Hi, we are currently feeding Dixie our 18 week old wire haired vizsla a kibble called applaws, we changed to this brand a few weeks ago as we heard that royal canin that she was fed from being weaned was not that good as it has maize in it and applaws has good reviews on different dog food ratings sites we have looked at. We have transferred really slowly and on advice are feeding her 90 grammes 3 times a day. This advice is straight from the applaws nutritionist who have to say was really helpful, no problem in speaking to us directly and really keen to help and really keen for feedback. So far no good. She has really loose poos which she always has had and she looks skinny however she appears to be fine, full of energy and a great dog in every way. We are happy to keep trying different food as long as we get something that suits her, want to keep on dry food and know there is a lot of good advice in this forum, I think there is so much advice that's part of the problem in we are not sure what to do next.

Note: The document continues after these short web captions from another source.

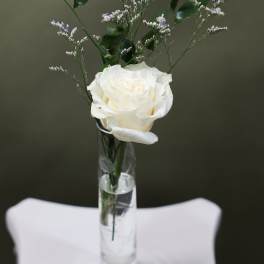White rose in a clear glass vase with airy purple filler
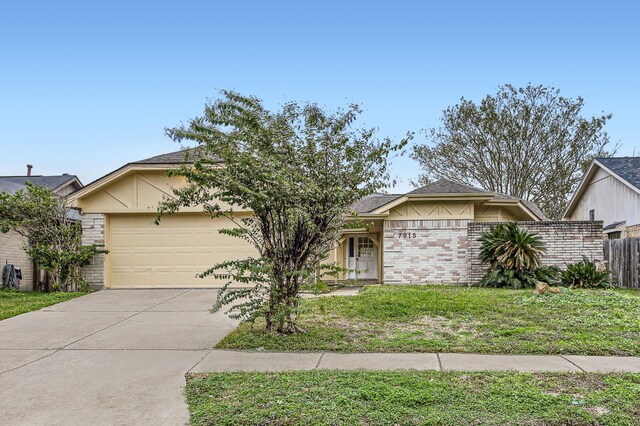 view of front of property featuring a garage and a front lawn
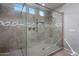 Modern walk-in shower featuring stylish tile work, glass enclosure, multiple shower heads, and ample space at 20040 E Kestrel St, Queen Creek, AZ 85142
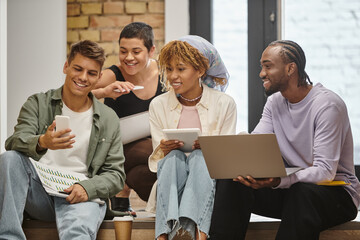 happy diverse team looking at smartphone, holding gadgets, sitting on stairs in coworking, startup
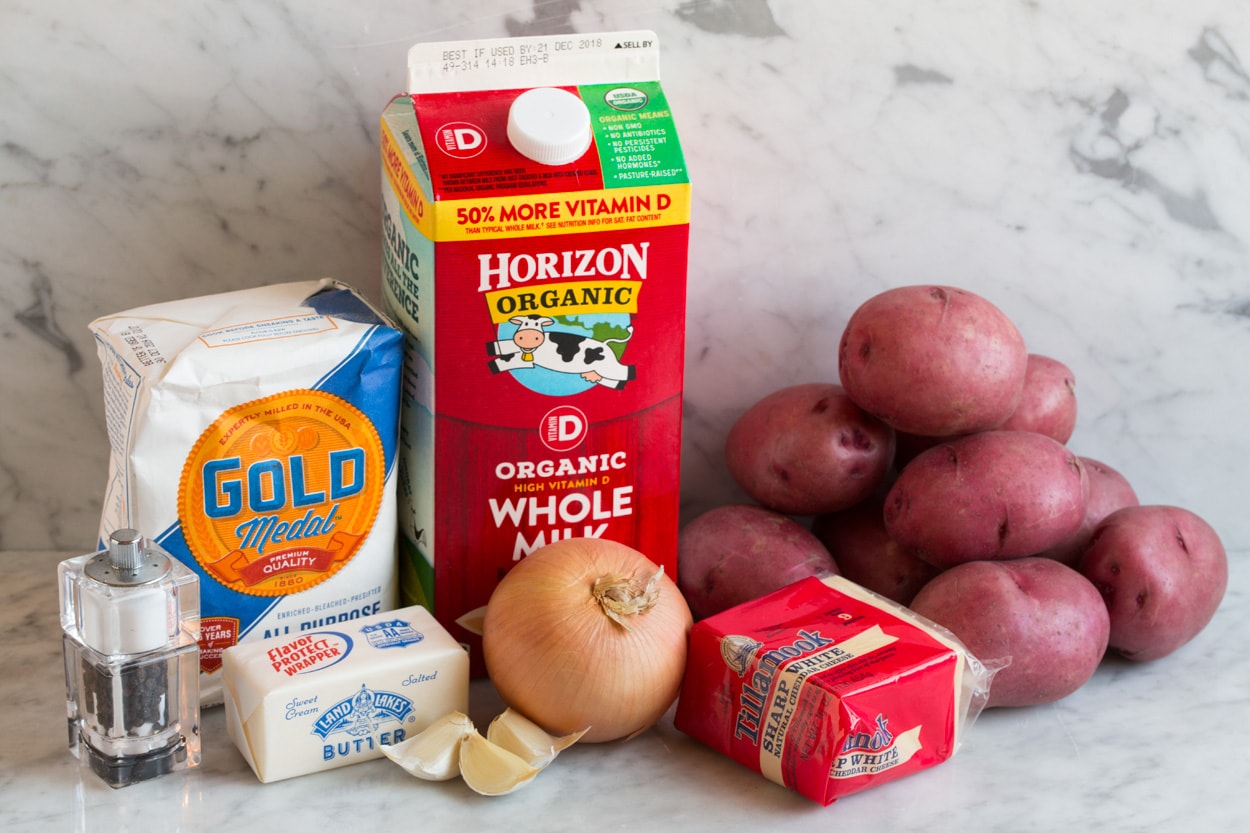 Scalloped Potatoes Ingredients for scalloped potatoes shown here including whole milk, butter, flour, onion, garlic, red potatoes, sharp white cheddar cheese, salt and pepper.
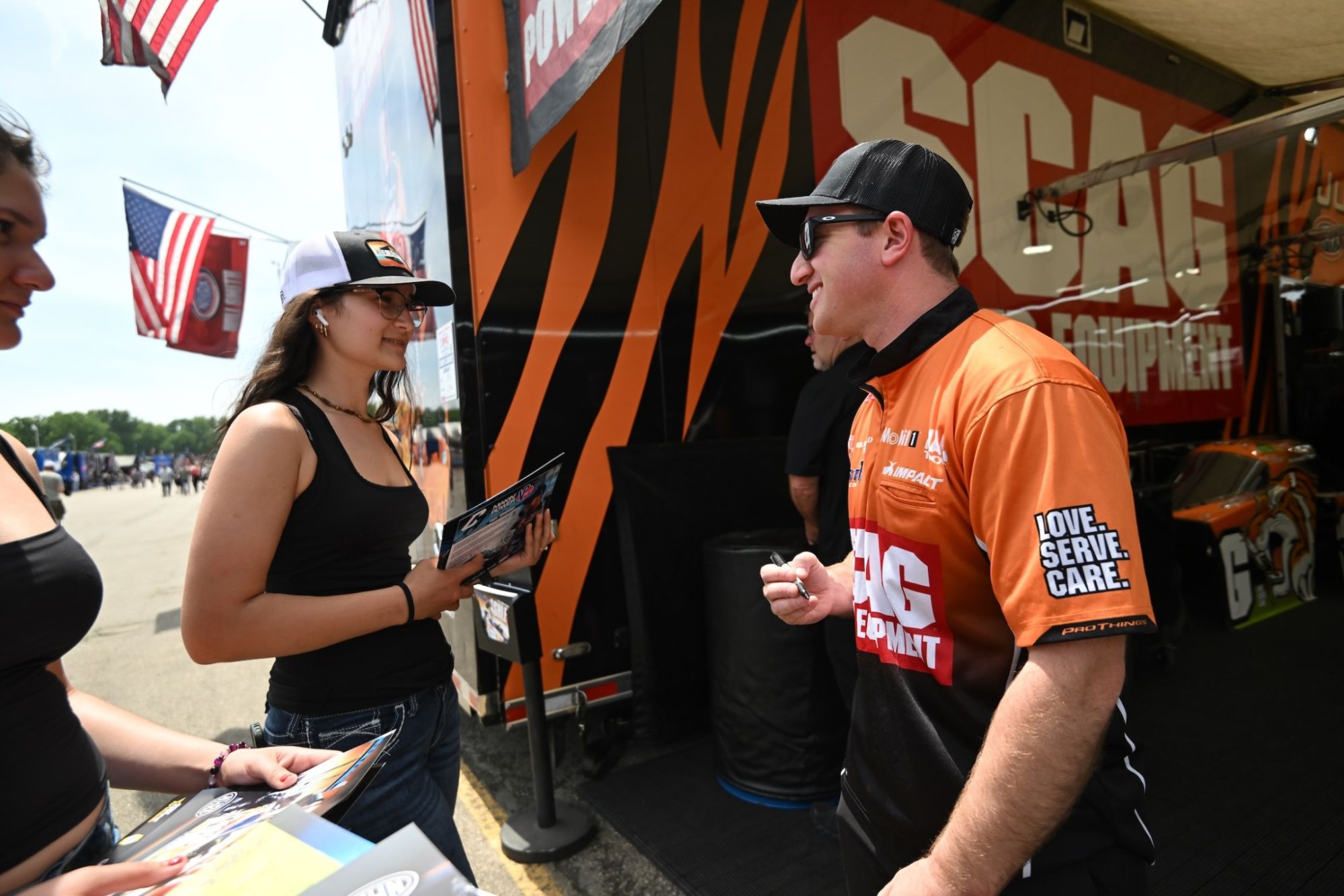 Justin Ashley signs an autograph for a fan at the NHRA New England Nationals.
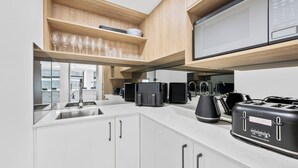 Une cuisine moderne avec des meubles blancs, un évier en acier inoxydable et un grille-pain noir.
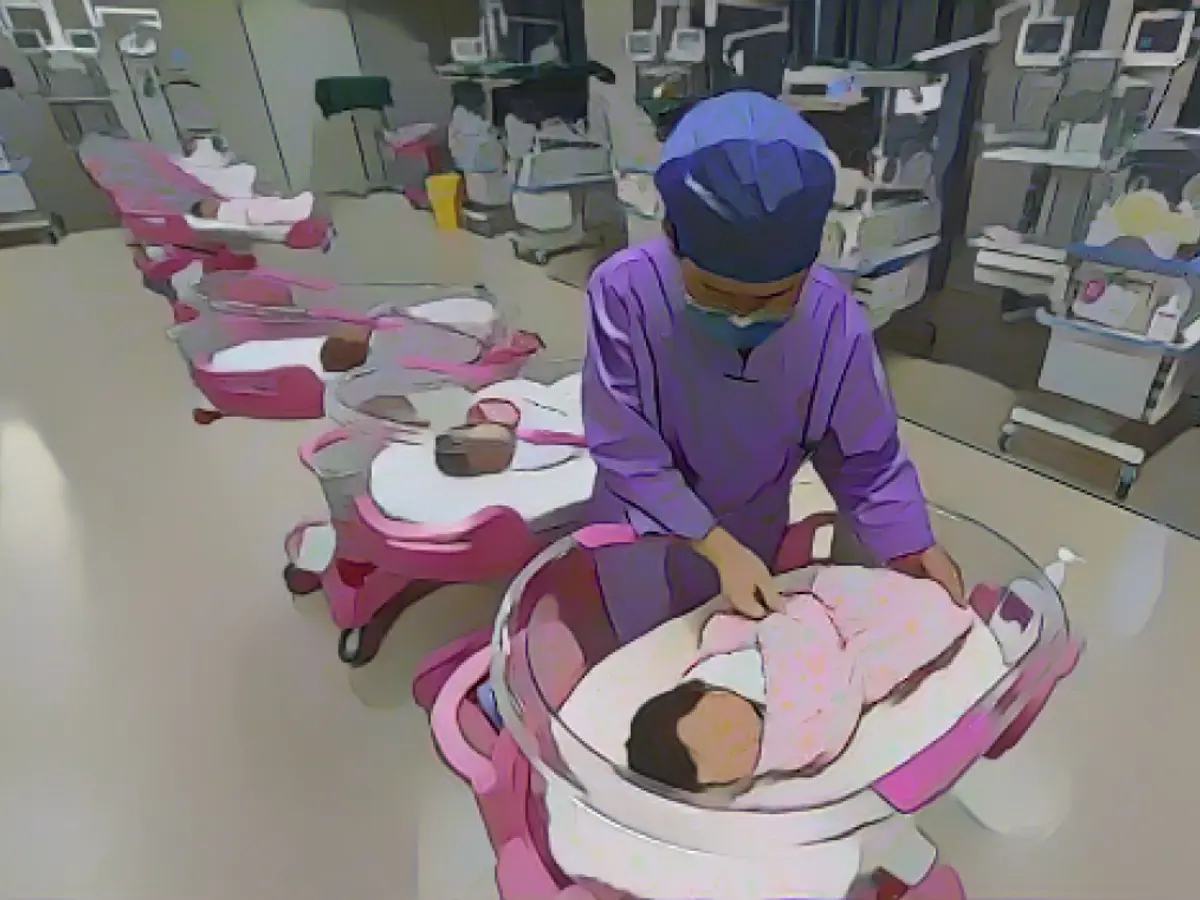 Медсестра ухаживает за новорожденным в женской и детской больнице в городе Фуян, провинция Аньхой, 8 августа 2022 года.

My question is how much should we feed her, it seems that 90 grammes is not much albeit x 3 per day. Maybe we are being over concerned but want to try and get it right for her.


----------



## wbavos (Oct 18, 2013)

I'll caveat this by saying that I'm not an expert but that seems to a little less than Daisy (now 31 weeks old or 7 months) was eating on any normal day when she was 18 weeks old. We free feed, though, so if she finished that we'd fill her bowl back up (2 cups at a time). Hopefully grammes is equal to grams (US)--I used a converter to calculate the equal amount in cups (US). Daisy's scooper is 2 cups. We feed Blue Buffalo Puppy. Daisy had inconsistent poop all of the time when she was that age & even treats would give her runny poop...so I'd say it might be normal. She's just now weighs 40 lbs. (a little over 18 kg). Good luck!


----------



## mrmra (Jul 18, 2013)

Our 1 year also had very runny poops and was skinny until about 10 months. Would supplement diet with hard boiled eggs, meats, and peanut butter, which helped weight but not runny poos!

Right now he eats 6-8 cups a day of fairly high calorie stuff, back then 4-6, but was often finnicky and some days refused to eat much. Oddly some cheaper foods with more crappy fillers produced firmer poos, but I do not recommend this. 

Diet will start settling eventually, just keep on keeping on and do not be afraid to experiment or fatten up on treats. Somebody has a recipe for some satin ball stuff we have been meaning to try, could look that up for weight gain!

Cheers, 
-MrA


----------



## trevor1000 (Sep 20, 2013)

This is just 1 example of Satin Balls, there are many.
I can change his looks in 3 or 4 days.

10 pounds hamburger meat 
1 lg. box of Total cereal (I use regular cheerios)
1 lg. box oatmeal
1 jar of wheat germ
1 1/4 cup veg oil
1 1/4 cup of unsulfured molasses
10 raw eggs AND shells (I use 3 eggs and no shells)
10 envelopes of unflavored gelatin
pinch of salt

Mix all ingredients together, much like you would a meatloaf.
Divide into 10 quart freezer bags and freeze. (I feed him 1/3 of a bag a day)
Thaw as needed and feed raw!


----------